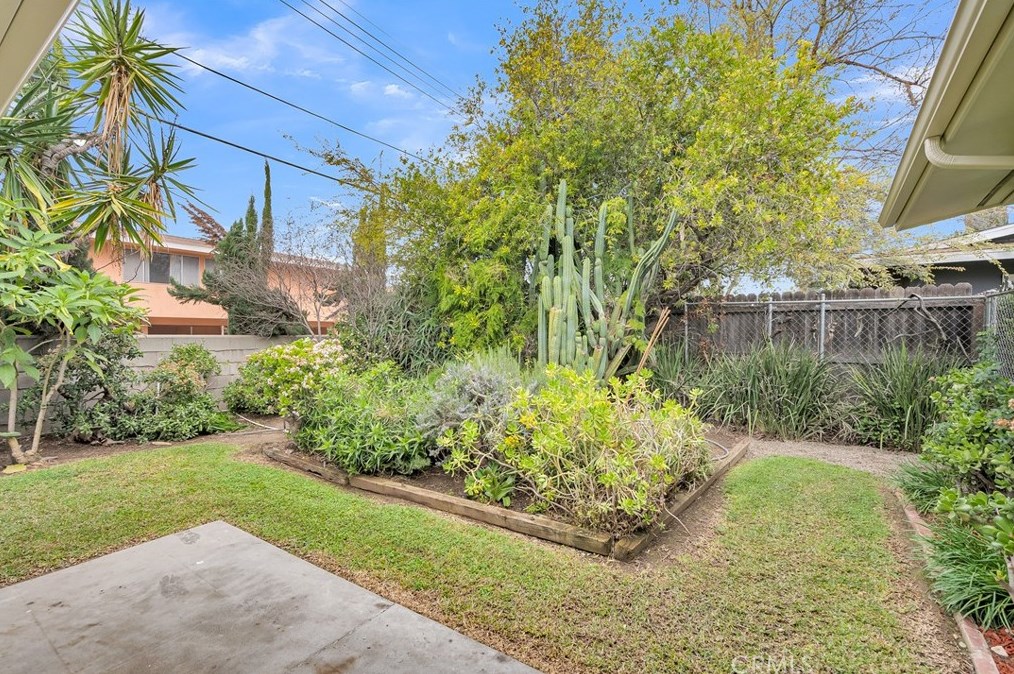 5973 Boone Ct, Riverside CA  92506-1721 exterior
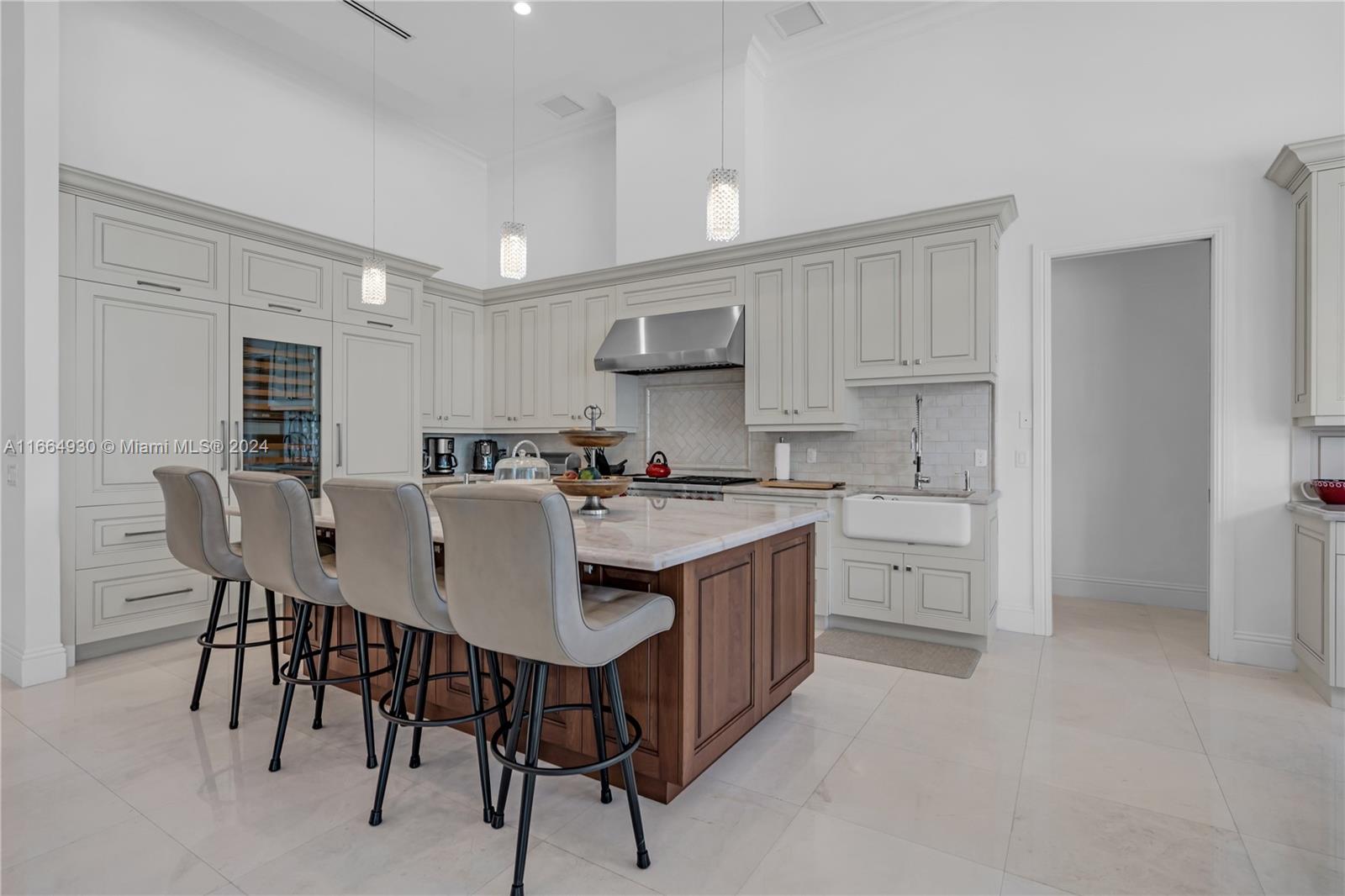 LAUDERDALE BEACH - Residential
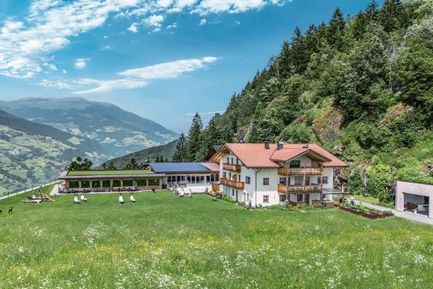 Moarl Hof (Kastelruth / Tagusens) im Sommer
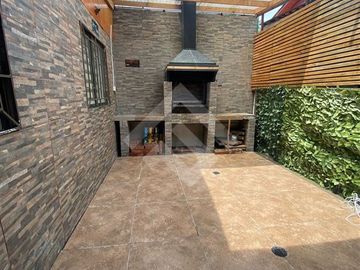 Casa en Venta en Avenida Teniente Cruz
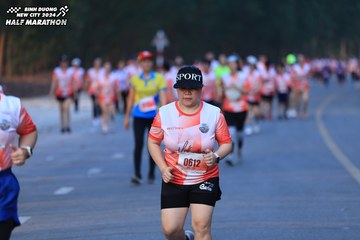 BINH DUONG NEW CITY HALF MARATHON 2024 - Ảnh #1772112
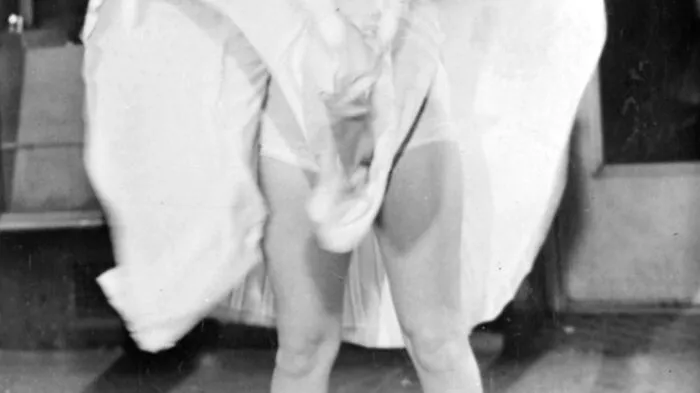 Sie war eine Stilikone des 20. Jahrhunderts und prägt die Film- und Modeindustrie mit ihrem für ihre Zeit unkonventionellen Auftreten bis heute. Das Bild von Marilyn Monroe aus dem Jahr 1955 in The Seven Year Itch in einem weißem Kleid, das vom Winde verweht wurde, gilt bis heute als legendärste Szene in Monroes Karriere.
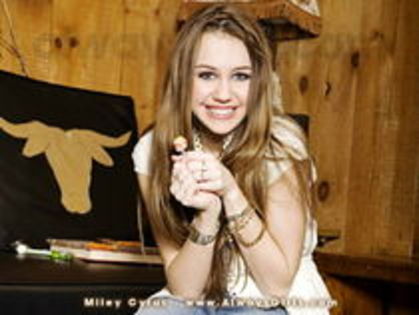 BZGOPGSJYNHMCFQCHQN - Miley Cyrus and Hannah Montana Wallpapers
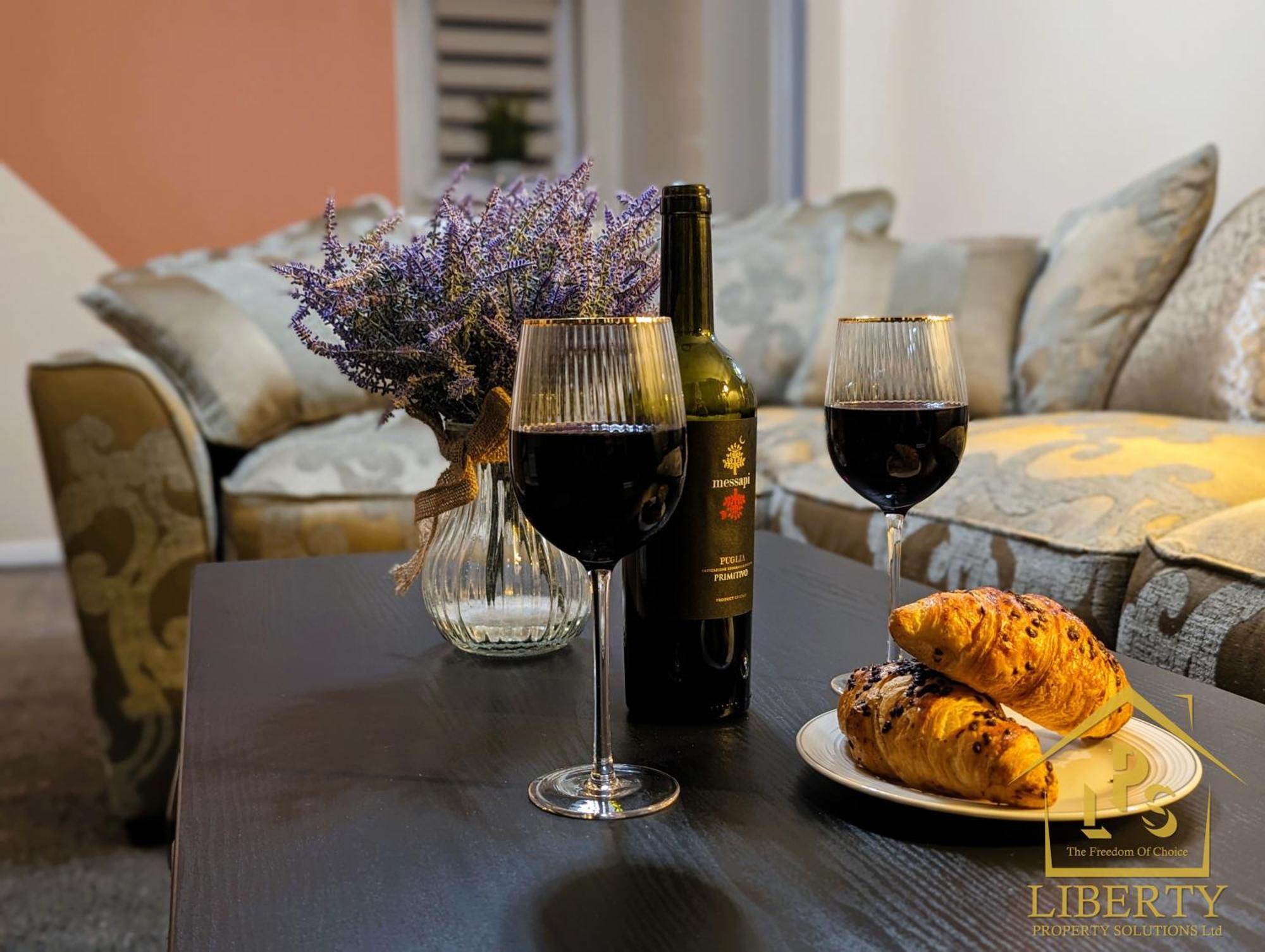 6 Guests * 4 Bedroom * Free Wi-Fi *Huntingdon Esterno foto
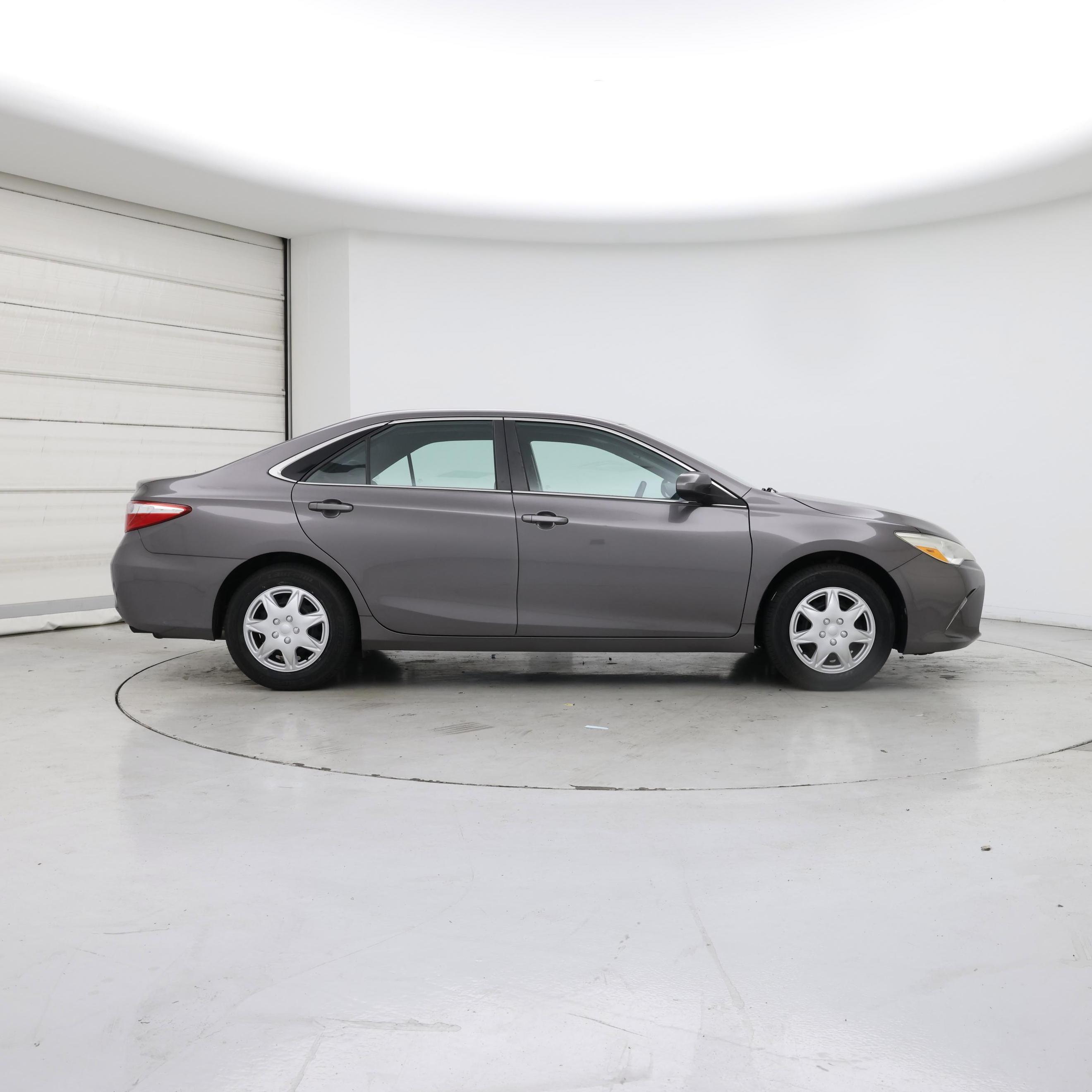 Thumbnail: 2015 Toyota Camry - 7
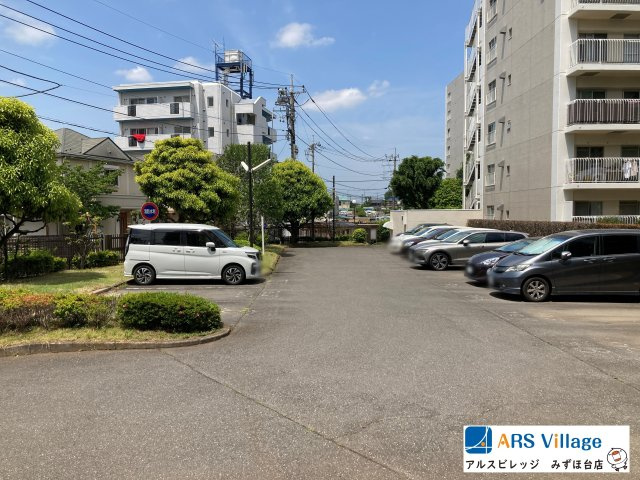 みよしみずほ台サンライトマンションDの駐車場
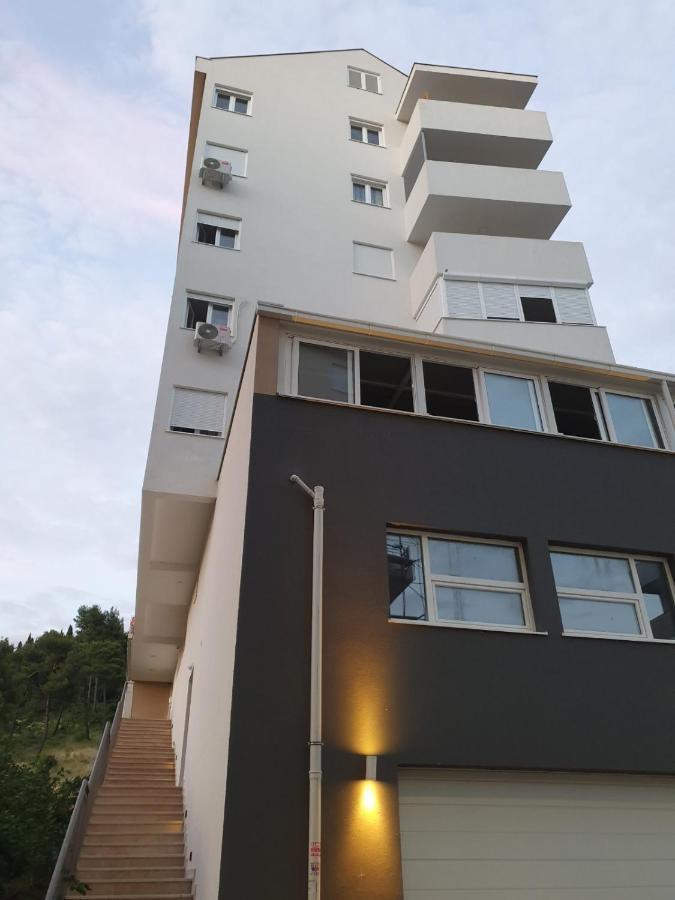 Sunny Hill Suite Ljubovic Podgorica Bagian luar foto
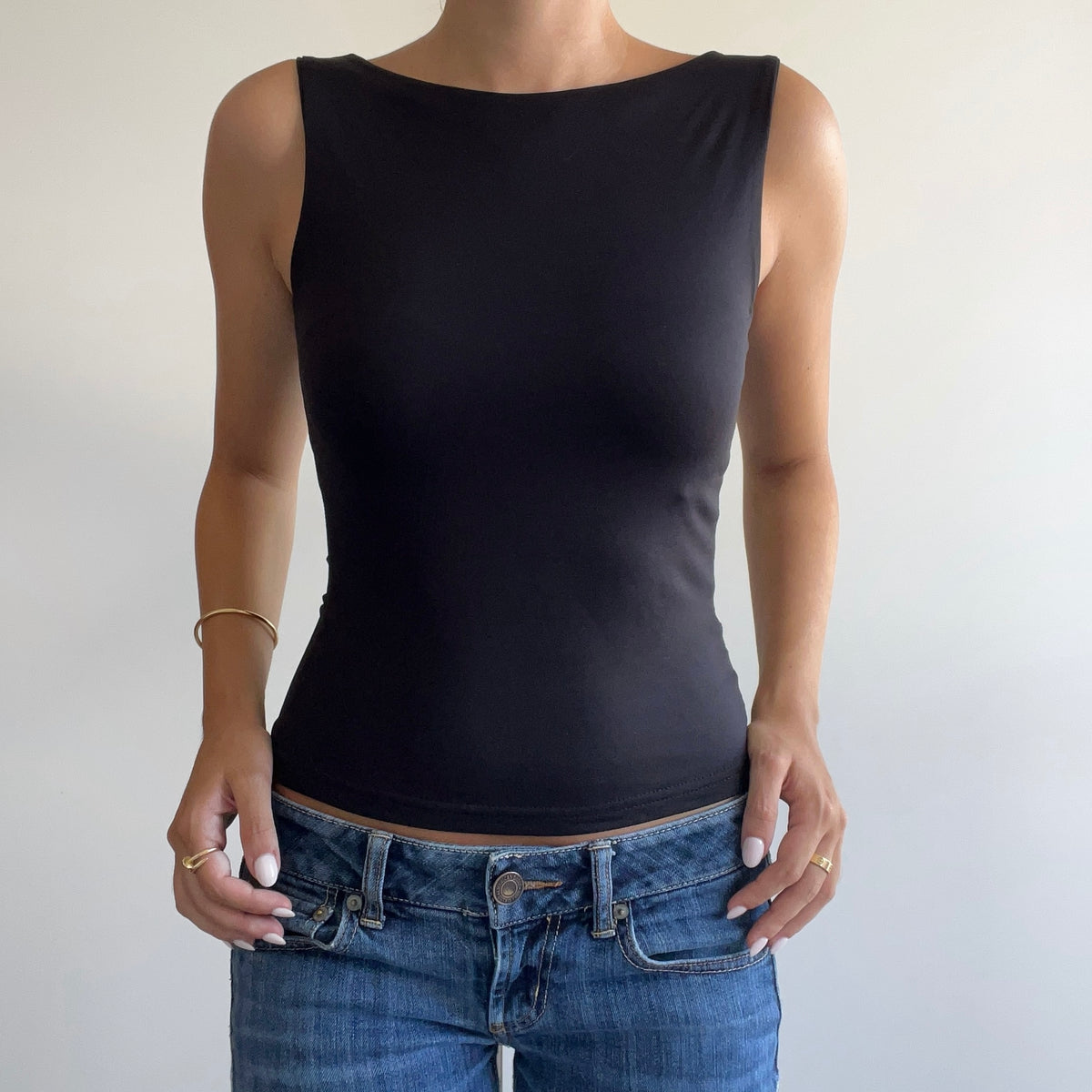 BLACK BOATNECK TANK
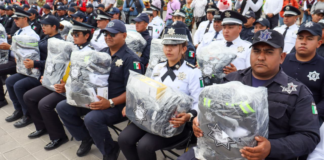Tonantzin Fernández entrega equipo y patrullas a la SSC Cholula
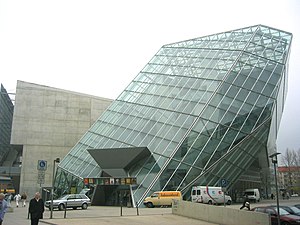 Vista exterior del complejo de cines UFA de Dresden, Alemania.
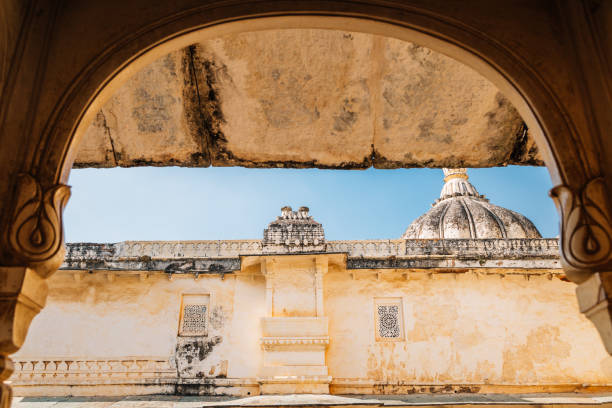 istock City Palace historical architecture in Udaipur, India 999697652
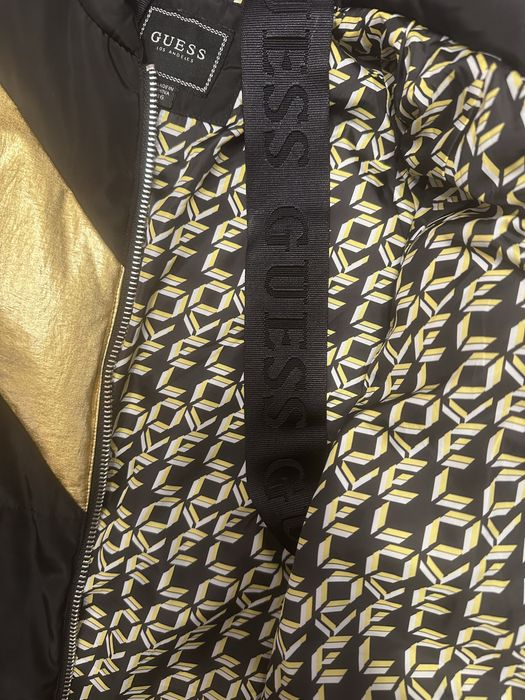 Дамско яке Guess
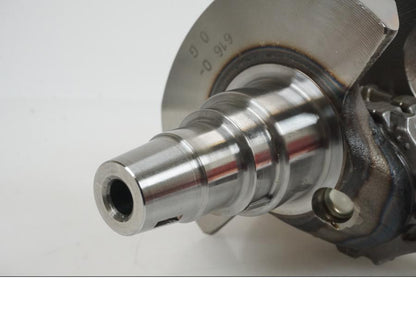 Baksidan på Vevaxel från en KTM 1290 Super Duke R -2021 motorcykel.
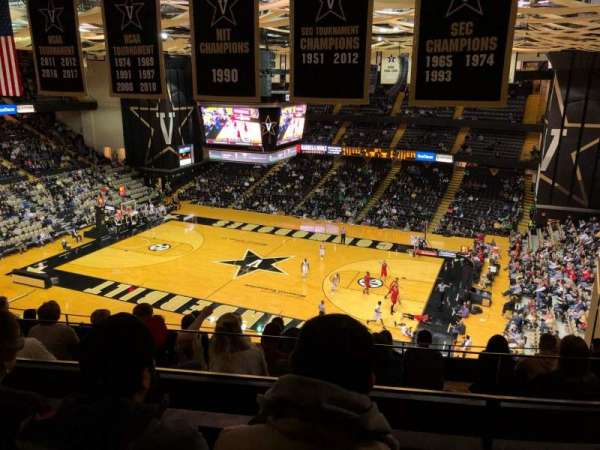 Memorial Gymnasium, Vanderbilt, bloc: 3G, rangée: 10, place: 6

> _How to complete this task_:
Reproduce exactly the lines of the entries above from the first through the line with "Sie war eine", both included; pictures should not be reproduced.

> _The answer_:
 5973 Boone Ct, Riverside CA  92506-1721 exterior
 LAUDERDALE BEACH - Residential
 Moarl Hof (Kastelruth / Tagusens) im Sommer
 Casa en Venta en Avenida Teniente Cruz
 BINH DUONG NEW CITY HALF MARATHON 2024 - Ảnh #1772112
 Sie war eine Stilikone des 20. Jahrhunderts und prägt die Film- und Modeindustrie mit ihrem für ihre Zeit unkonventionellen Auftreten bis heute. Das Bild von Marilyn Monroe aus dem Jahr 1955 in The Seven Year Itch in einem weißem Kleid, das vom Winde verweht wurde, gilt bis heute als legendärste Szene in Monroes Karriere.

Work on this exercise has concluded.